Dataset:
++++++++++

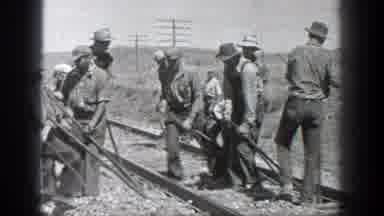 California (1936): Several Men Dressed In Uniforms And Hats Working On The Rails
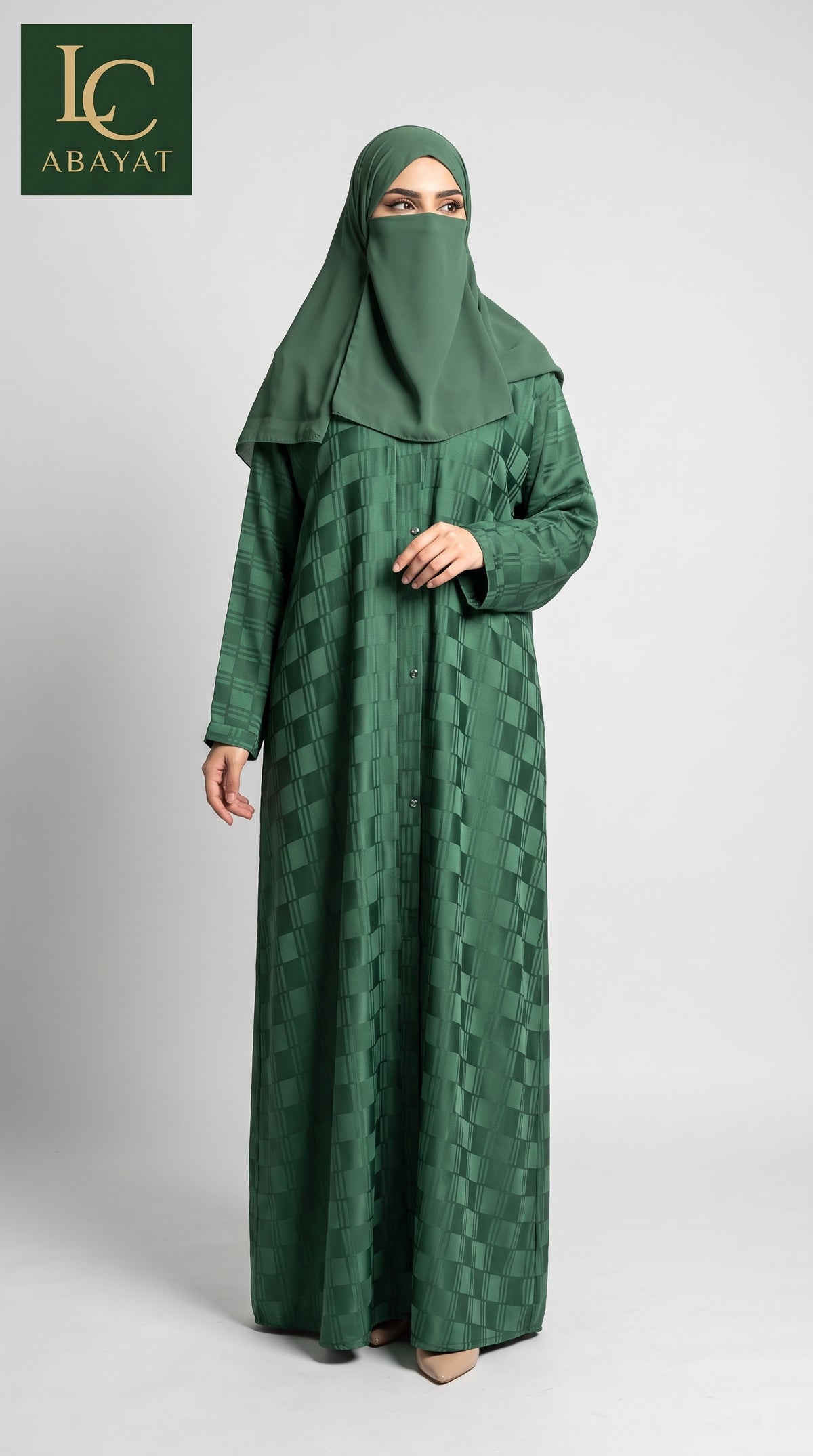 A woman wearing a long green front-open self windowpane print abaya dress with a subtle geometric pattern and a matching green hijab, standing against a light gray studio background. The LC Abayat brand logo is visible in the top left corner.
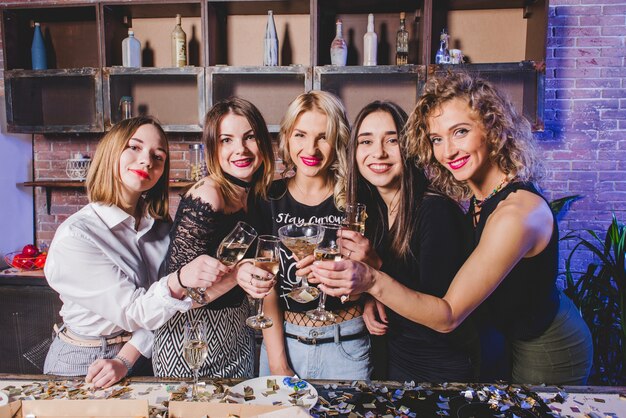 Women with champagne on kitchen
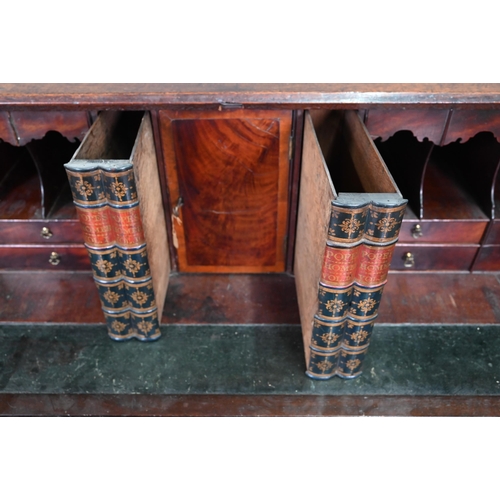 889 - A George III mahogany bureau, the well fitted interior with leather faux book spine 'secret' storage... 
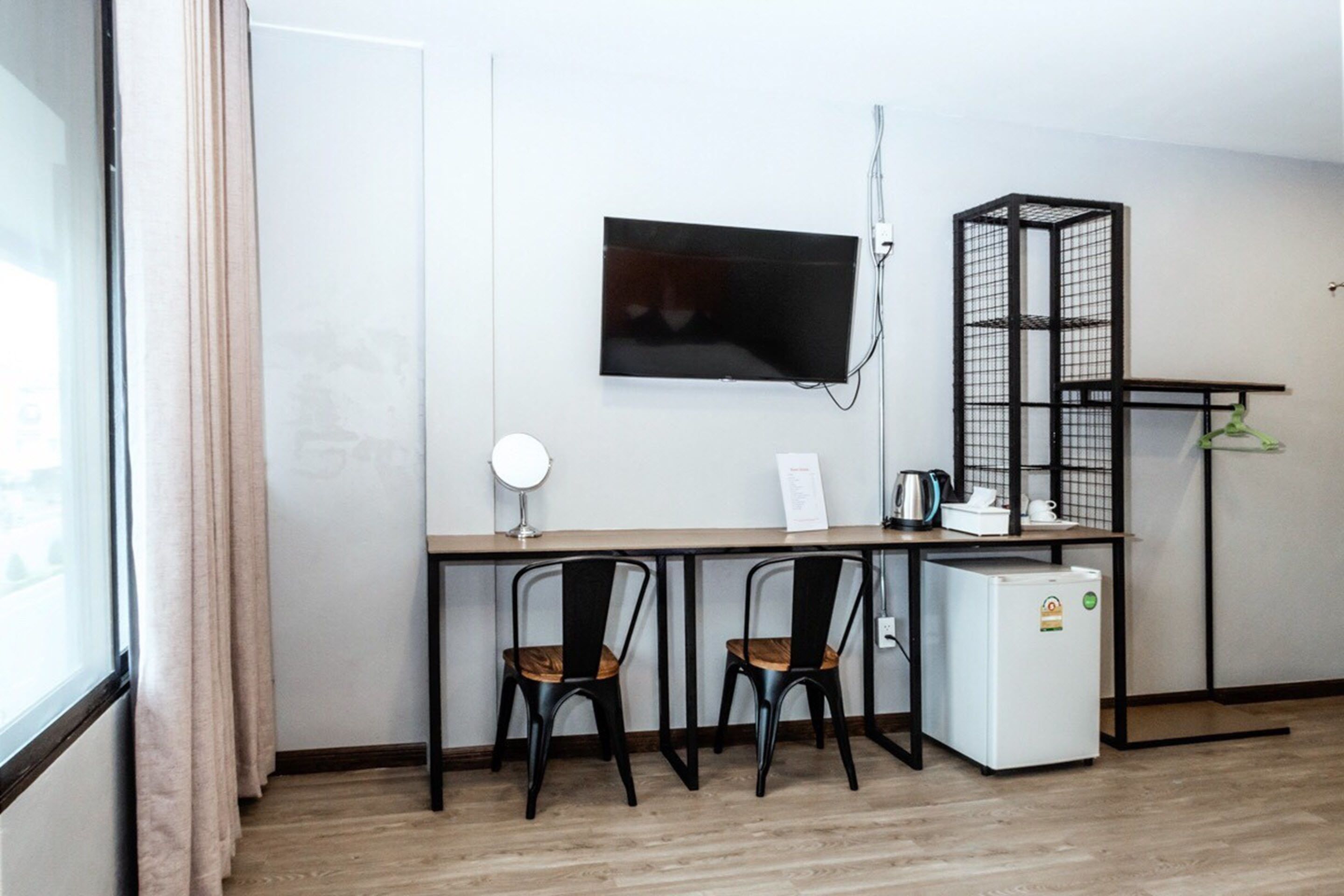 Una pequeña kitchenette con un refrigerador, un microondas y una tetera sobre la encimera. Hay dos sillas y una mesa frente a la encimera. Un televisor está montado en la pared encima de la encimera.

++++++++++

Your assignment:
Keep the pictures out while you retype all of the data above exactly as it appears.

Response for this exercise:
 California (1936): Several Men Dressed In Uniforms And Hats Working On The Rails
 A woman wearing a long green front-open self windowpane print abaya dress with a subtle geometric pattern and a matching green hijab, standing against a light gray studio background. The LC Abayat brand logo is visible in the top left corner.
 Women with champagne on kitchen
 889 - A George III mahogany bureau, the well fitted interior with leather faux book spine 'secret' storage... 
 Una pequeña kitchenette con un refrigerador, un microondas y una tetera sobre la encimera. Hay dos sillas y una mesa frente a la encimera. Un televisor está montado en la pared encima de la encimera.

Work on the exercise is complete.